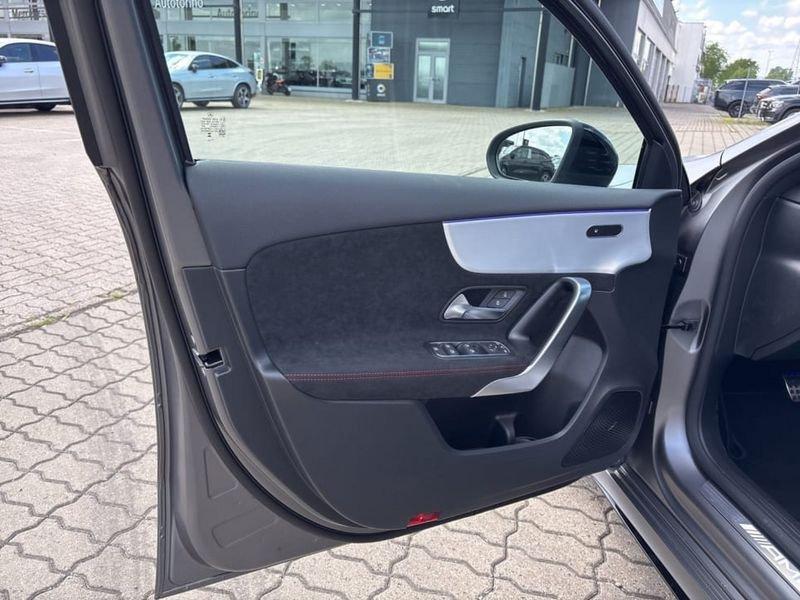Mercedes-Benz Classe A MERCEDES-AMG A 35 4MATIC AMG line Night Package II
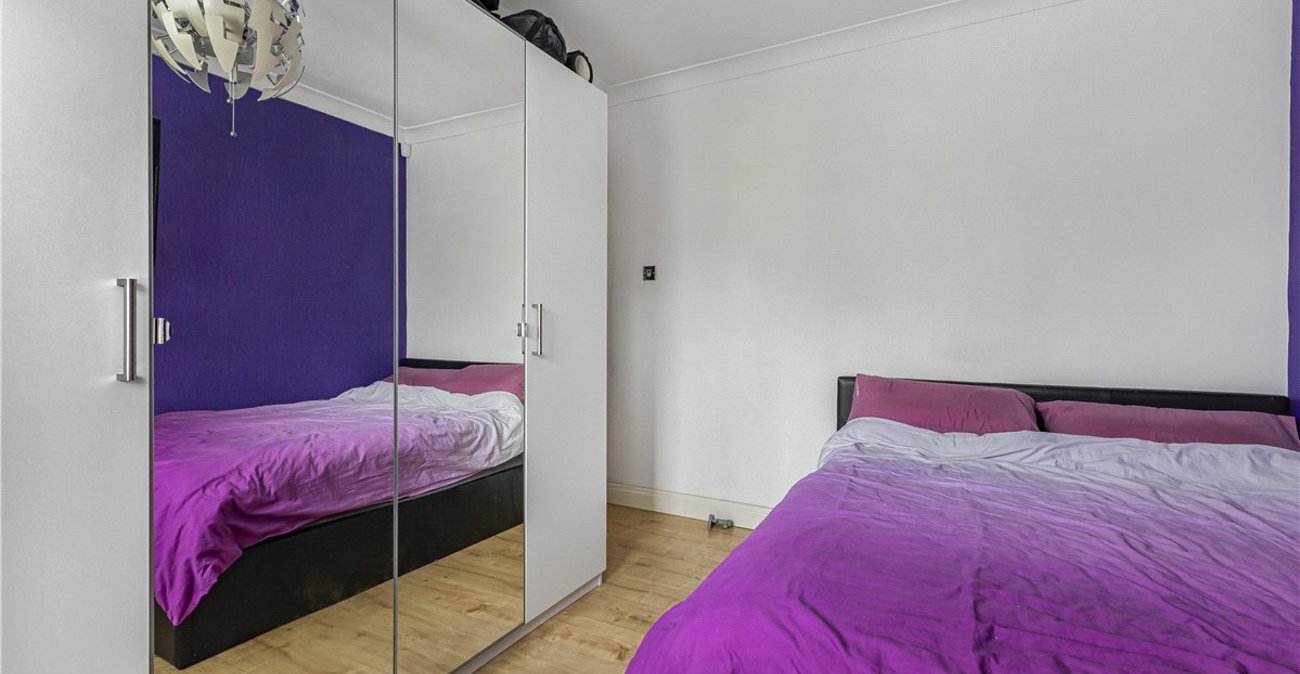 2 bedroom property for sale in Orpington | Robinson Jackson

○ ○ ○

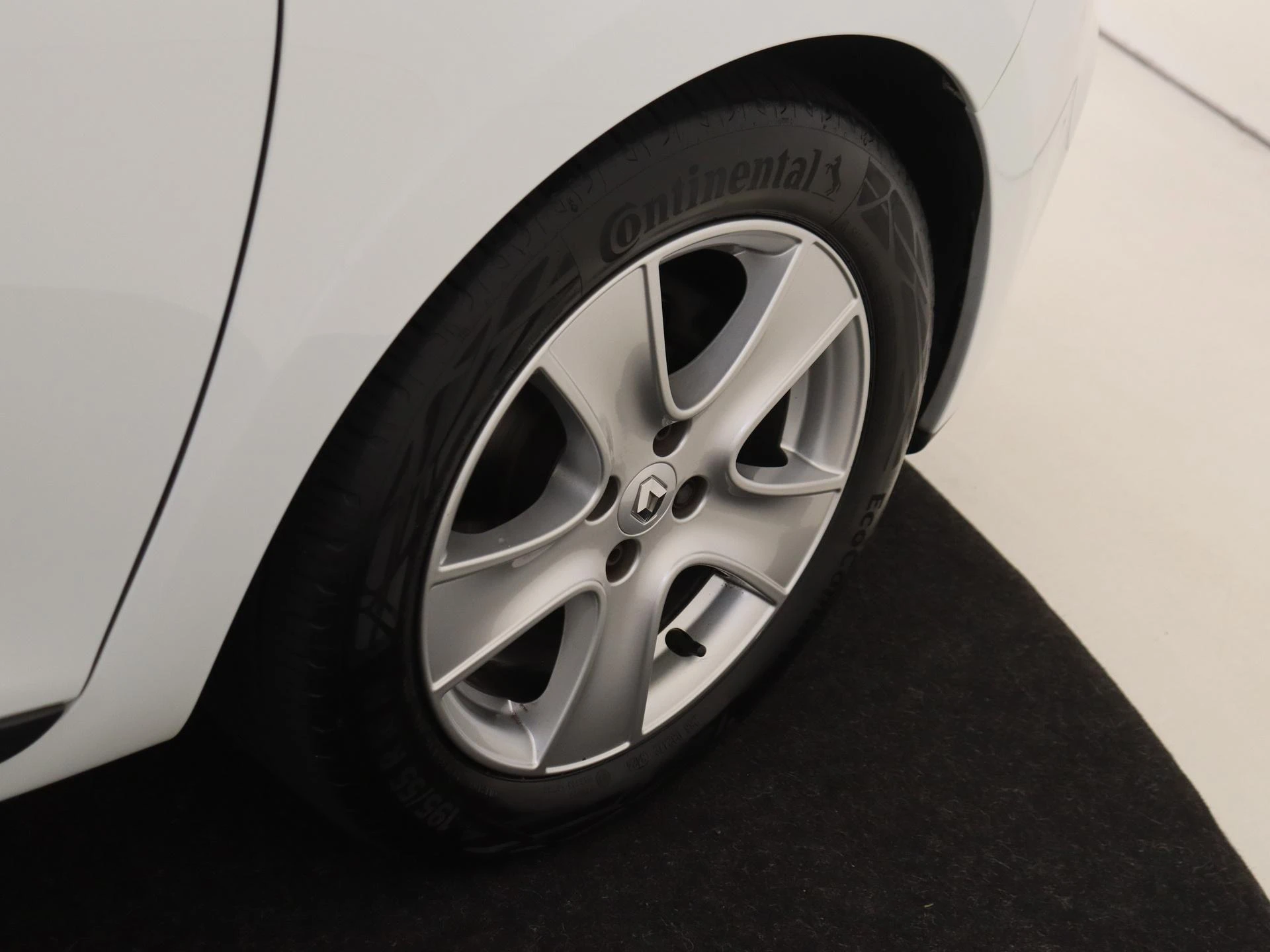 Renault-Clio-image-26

○ ○ ○

» **Exercise**
What is needed is an exact copy of the lines above from the one with "Mercedes-Benz Classe A" to the one with "2 bedroom property", both ends kept, and nothing more; please leave the pictures out.

» **Result for this task**
Mercedes-Benz Classe A MERCEDES-AMG A 35 4MATIC AMG line Night Package II
 2 bedroom property for sale in Orpington | Robinson Jackson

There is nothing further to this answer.